#### Input ####

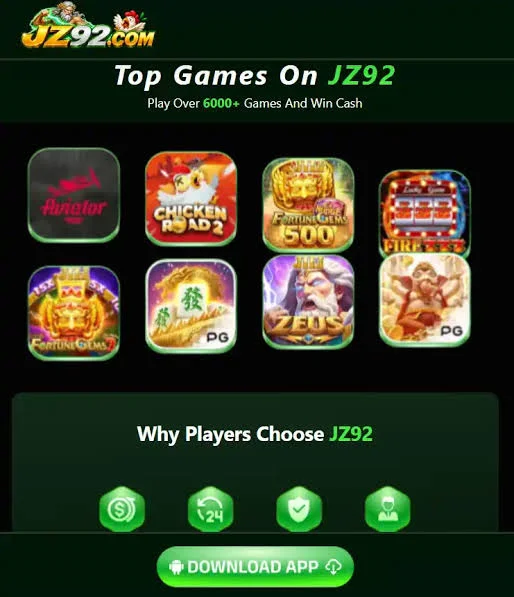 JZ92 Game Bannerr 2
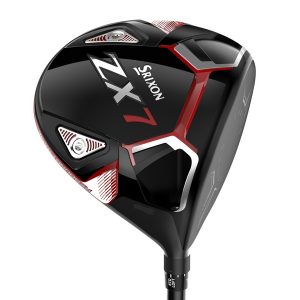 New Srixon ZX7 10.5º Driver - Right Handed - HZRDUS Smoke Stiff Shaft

####
#### Input ####

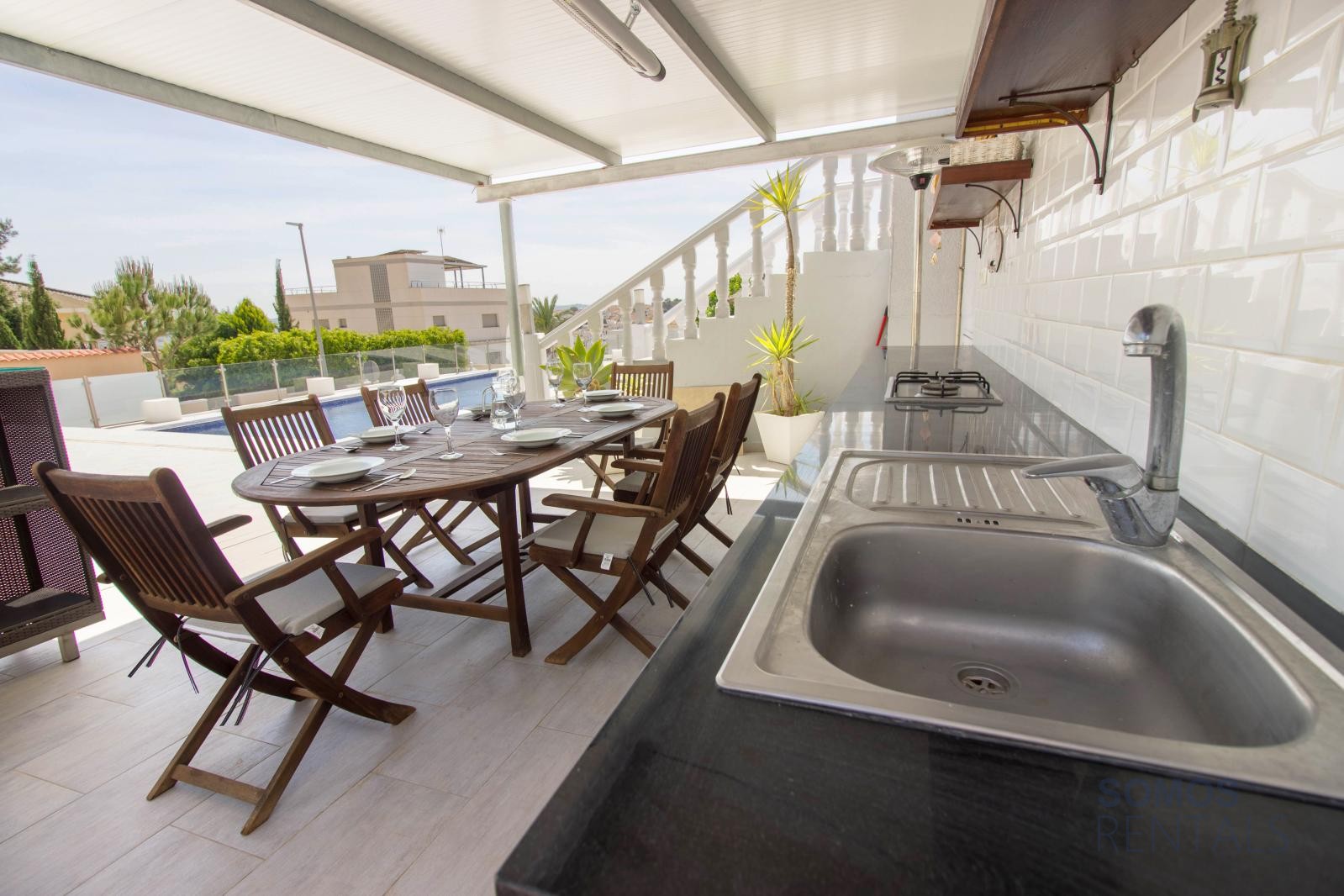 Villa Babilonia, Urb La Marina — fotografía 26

####
#### Input ####

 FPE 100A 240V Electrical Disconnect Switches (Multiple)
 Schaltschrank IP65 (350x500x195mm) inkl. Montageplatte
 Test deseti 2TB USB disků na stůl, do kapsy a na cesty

####

- Problem statement: For this task, write out exactly the lines of the entries above, starting at the line with "Schaltschrank IP65 (350x500x195mm)" and ending at the line with "Test deseti 2TB", both included, and no others.

- Finished task:
 Schaltschrank IP65 (350x500x195mm) inkl. Montageplatte
 Test deseti 2TB USB disků na stůl, do kapsy a na cesty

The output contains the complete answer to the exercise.